Task input:
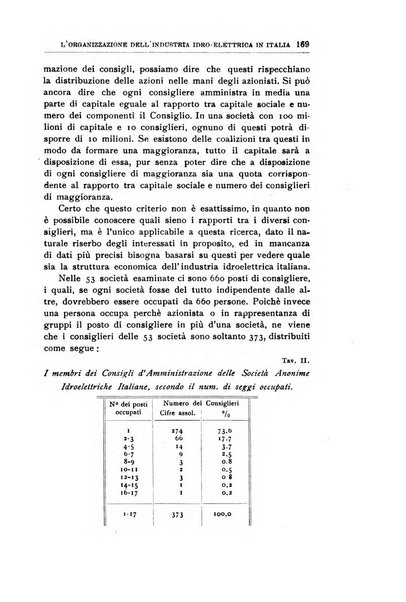 Economia rassegna mensile di politica economica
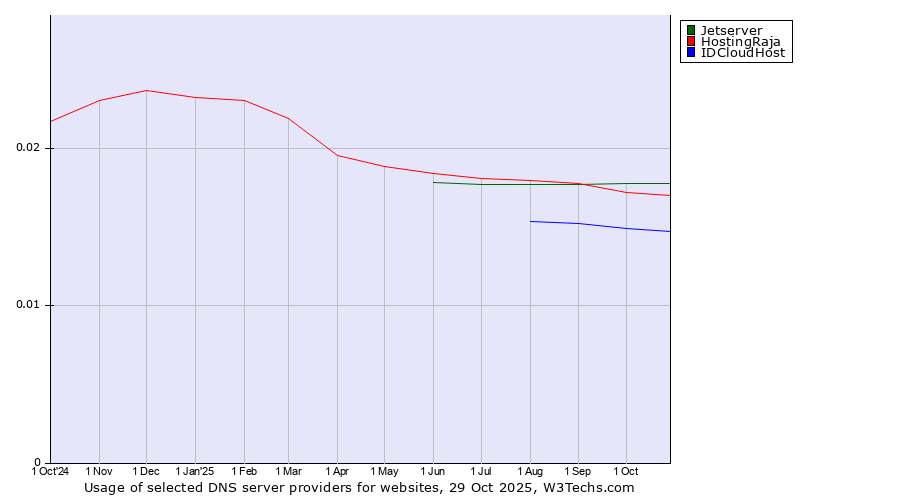 Historical trends in the usage of Jetserver vs. HostingRaja vs. IDCloudHost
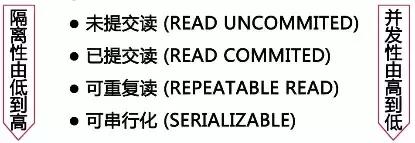 MySQL 查询速度慢与性能差怎么办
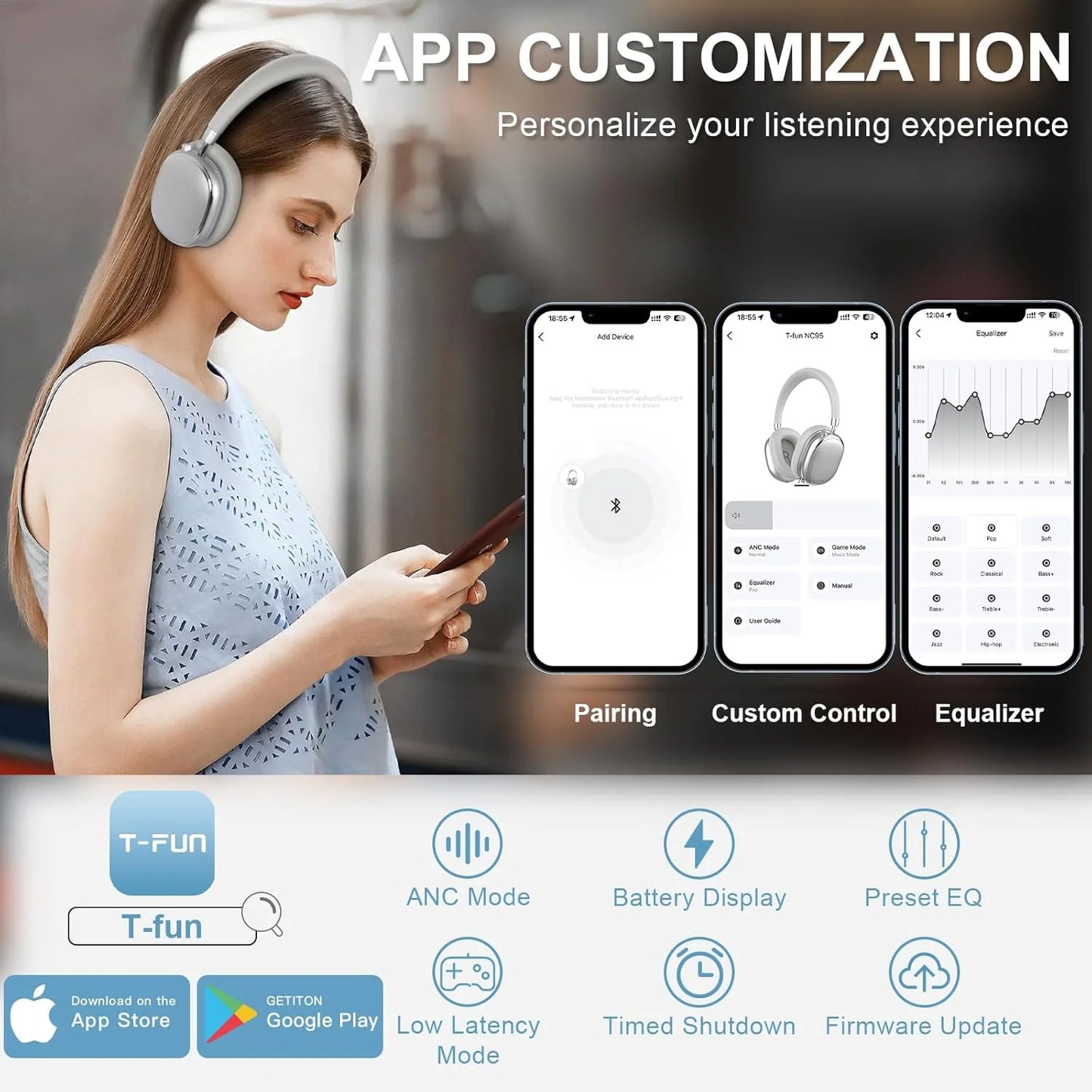 Bluetooth T-fun NC95 Hybrid Active Noise Cancelling Headphones/Built-in Mic 65H Playtime App Control Hi-Res Audio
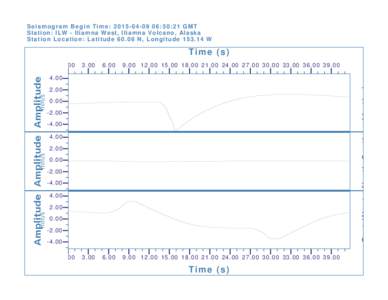 Seismogram Begin Time: :50:21 GMT Station: ILW - Iliamna West, Iliamna Volcano, Alaska Station Location: LatitudeN, LongitudeW Time (s) 0.00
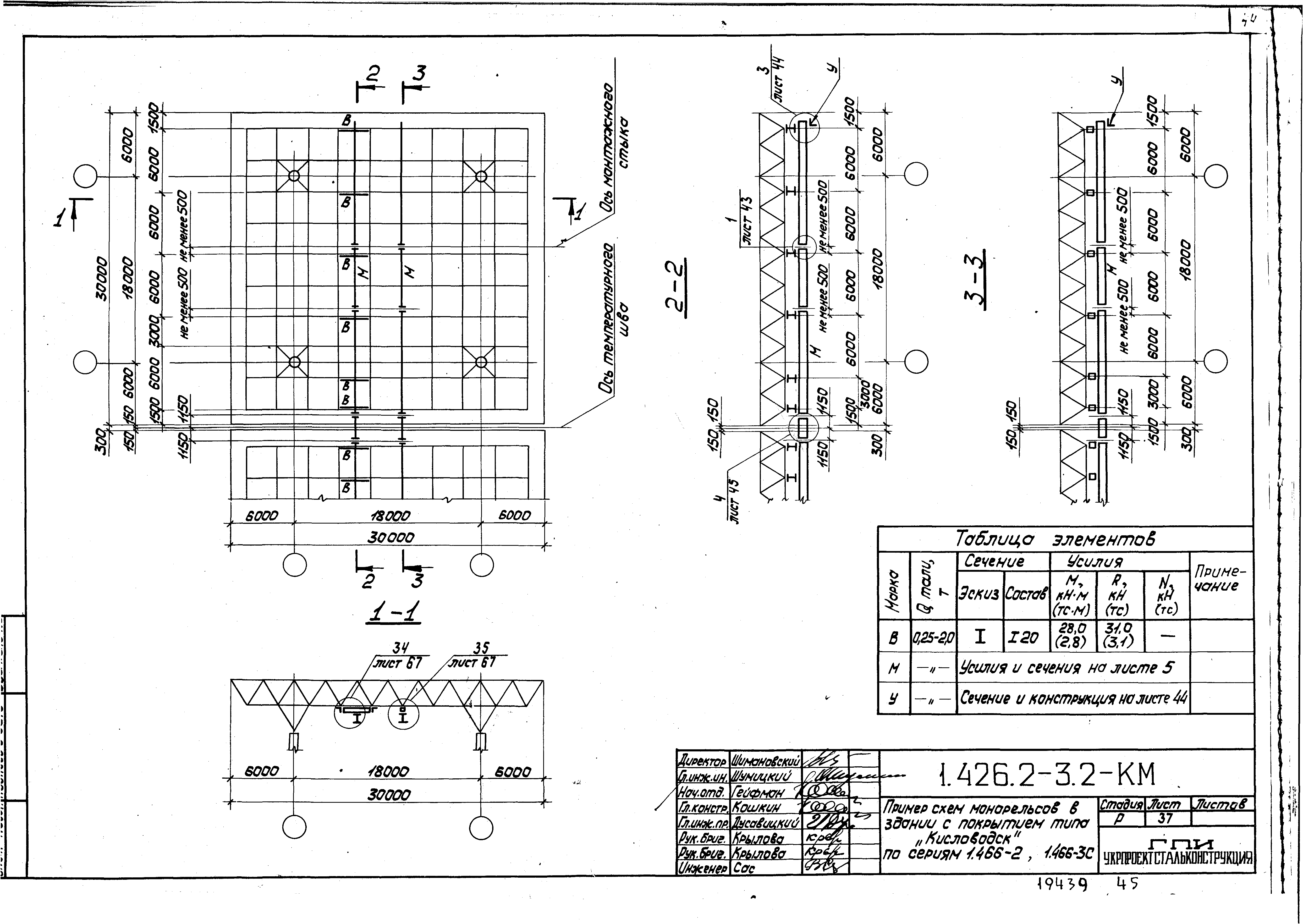 Серия 1.426.2-3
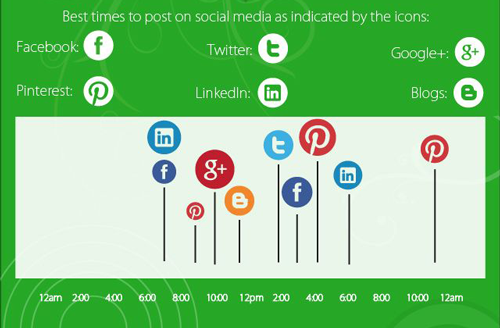 time to post social media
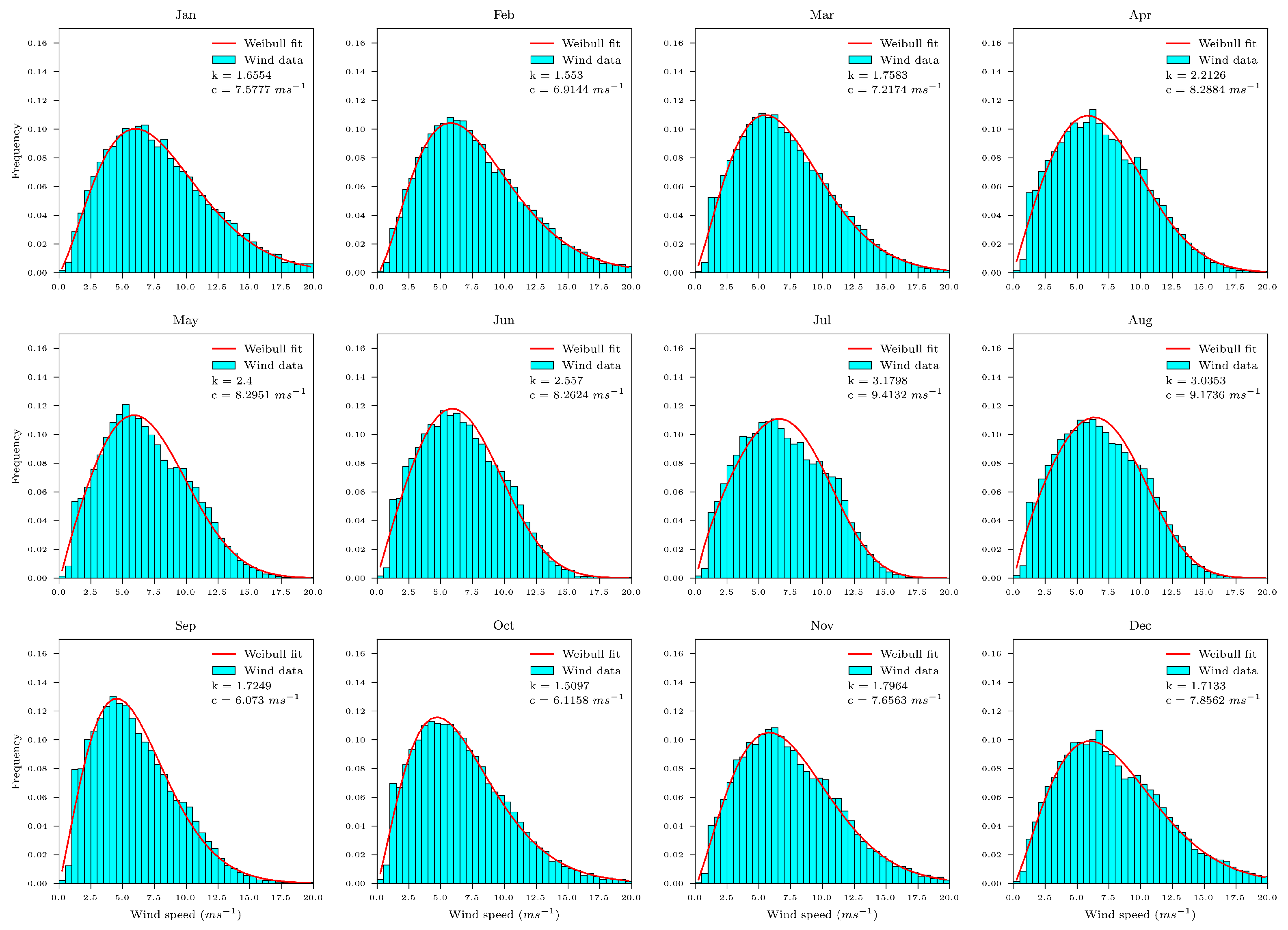 Jmse 10 00267 g008 550
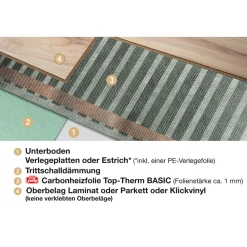 Jollytherm Fußbodenheizung Top-Therm Basic für Laminat/Parkett/Klickvinyl 1,25 m²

Activity:
Starting with the line that holds "Jmse 10 00267 g008 550", copy every line exactly through the final line of the material, but skip the pictures.

Reply to the exercise:
 Jmse 10 00267 g008 550
 Jollytherm Fußbodenheizung Top-Therm Basic für Laminat/Parkett/Klickvinyl 1,25 m²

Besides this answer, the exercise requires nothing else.